As in the case of their literature we have
the actual records but cannot read them, so in the case of their
religion a considerable mass of facts is apparent, but we have no
means of co-ordinating them so as to arrive at any definite idea
of a religious system. Some of the ritual we can see, and even
understand something of the Divinity to whom it was addressed,
but the theology is lacking. Accordingly, nothing more can be done
than to present the fragmentary facts which are apparent.
The Minoans, it seems fairly clear, were never, like their successors
the Greeks, the possessors of a well-peopled Pantheon; nor was the
chief object of their adoration a male deity like the Greek Zeus.

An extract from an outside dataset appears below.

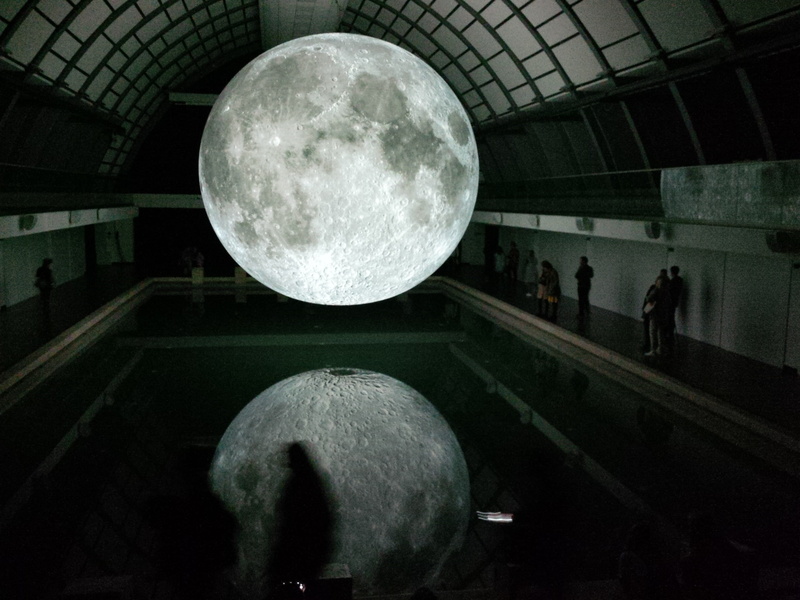 reflection, ceiling, people, science, moon, inside, architecture, shape, sphere, floating, night, hologram, water, spooky, light, built structure, 2K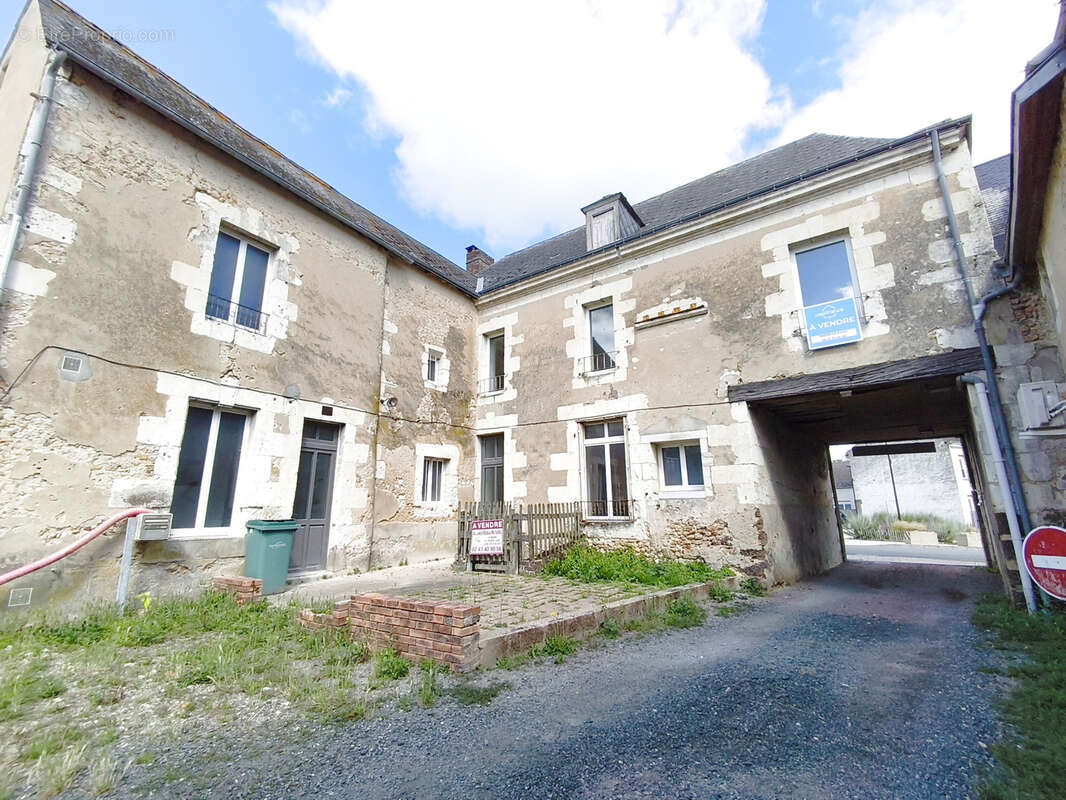 Appartement à SAINT-VINCENT-DU-LOROUER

There are, indeed, traces of a male divinity, who was adopted by
the Greeks when they obtained predominance in the island, as the
representative of their own supreme deity, and who became the Cretan
Zeus. But in Minoan times this being occupied a very subordinate
place, and undoubtedly the chief object of worship was a goddess--a
Nature Goddess, a Great Mother--[Greek: potnia thaerou], the Lady
of the Wild Creatures--who was the source of all life, higher and
lower, its guardian during the period of its earthly existence,
and its ruler in the underworld.
The functions of this great deity, it has been aptly pointed out,
are substantially those claimed for herself by Artemis in Browning's
poem, 'Artemis Prologizes':
'Through heaven I roll my lucid moon along;
I shed in hell o'er my pale people peace;
On earth, I, caring for the creatures, guard
Each pregnant yellow wolf and fox-bitch sleek,
And every feathered mother's callow brood,
And all that love green haunts and loneliness.